The answer must consist solely of the lines below starting at the one containing "Standard Room, 2 Queen Beds, Lake View" and ending at the one containing "1407 Laurel St #1407, Lake Oswego, OR 97034", repeated exactly, with both ends included and all pictures omitted.

**Data supplied:**

BEGIN

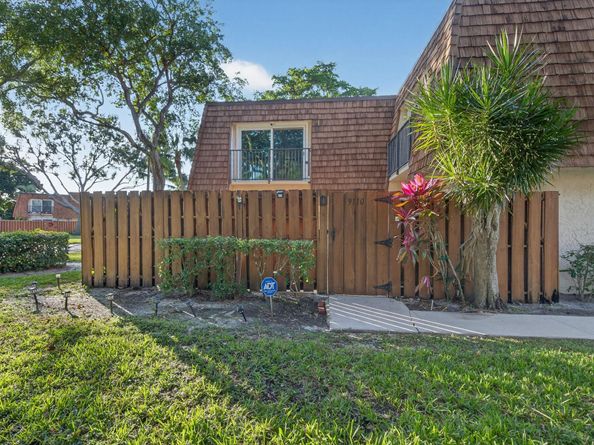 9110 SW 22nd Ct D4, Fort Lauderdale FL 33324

END
BEGIN

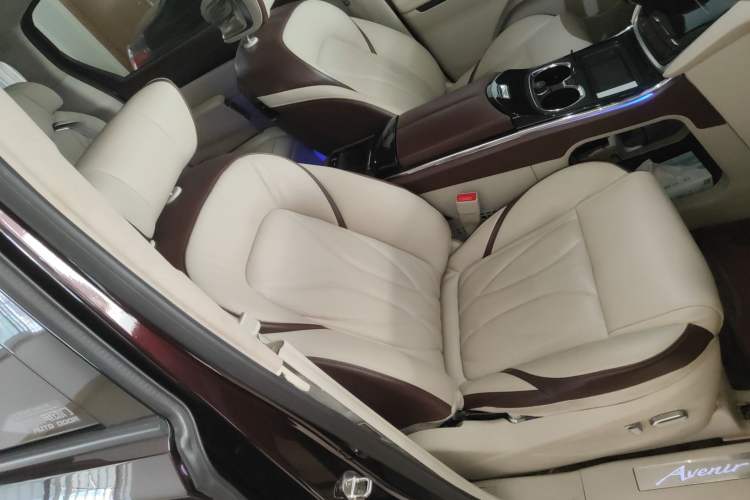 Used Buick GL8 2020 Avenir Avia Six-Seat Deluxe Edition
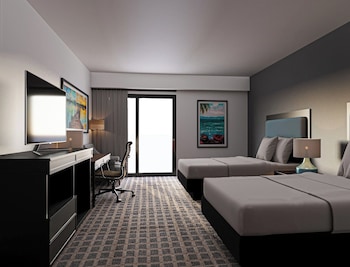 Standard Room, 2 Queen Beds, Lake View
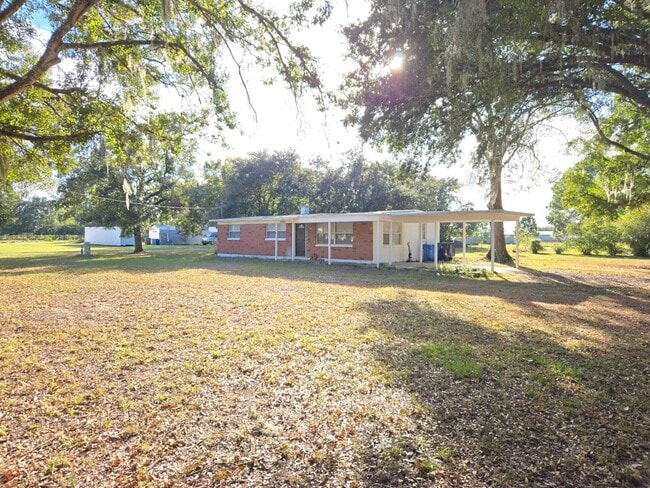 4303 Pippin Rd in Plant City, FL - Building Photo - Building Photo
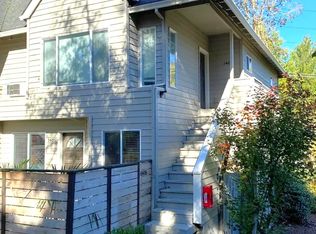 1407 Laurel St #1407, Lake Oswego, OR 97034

END

**Result:**
 Standard Room, 2 Queen Beds, Lake View
 4303 Pippin Rd in Plant City, FL - Building Photo - Building Photo
 1407 Laurel St #1407, Lake Oswego, OR 97034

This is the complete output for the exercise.